● PROBLEM TO WORK ON
Print the listing in its entirety and exactly, leaving out images.

● GIVEN INFORMATION
· · · ·

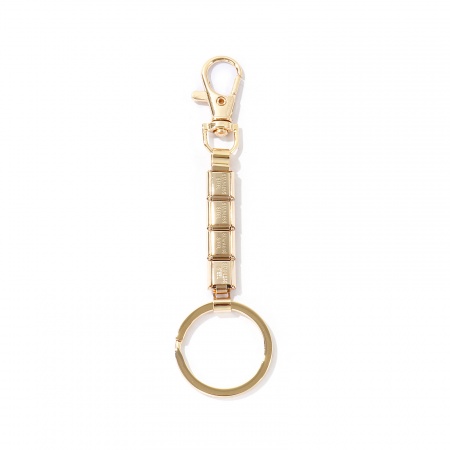 Picture of 1 Piece 304 Stainless Steel Italian Charm Keychain & Keyring Wholesale Light Golden Detachable 10cm x 3cm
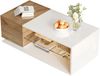 LED-Couchtisch, Wohnzimmertisch mit LED-Lichtleiste und Stauraum, modern, MDF, Weiß, 105×50×36 cm Bild 3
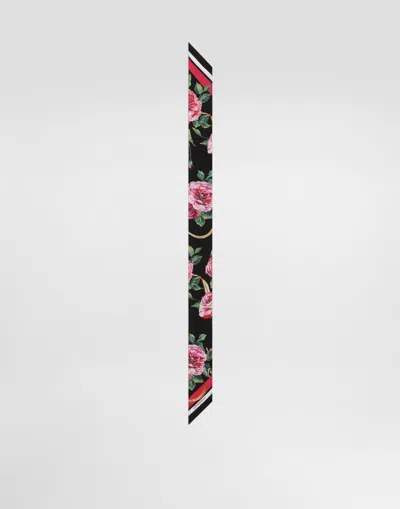 DOLCE & GABBANA ROSE-PRINT TWILL HEADSCARF (6X100)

· · · ·

● RESPONSE BOX
 Picture of 1 Piece 304 Stainless Steel Italian Charm Keychain & Keyring Wholesale Light Golden Detachable 10cm x 3cm
 LED-Couchtisch, Wohnzimmertisch mit LED-Lichtleiste und Stauraum, modern, MDF, Weiß, 105×50×36 cm Bild 3
 DOLCE & GABBANA ROSE-PRINT TWILL HEADSCARF (6X100)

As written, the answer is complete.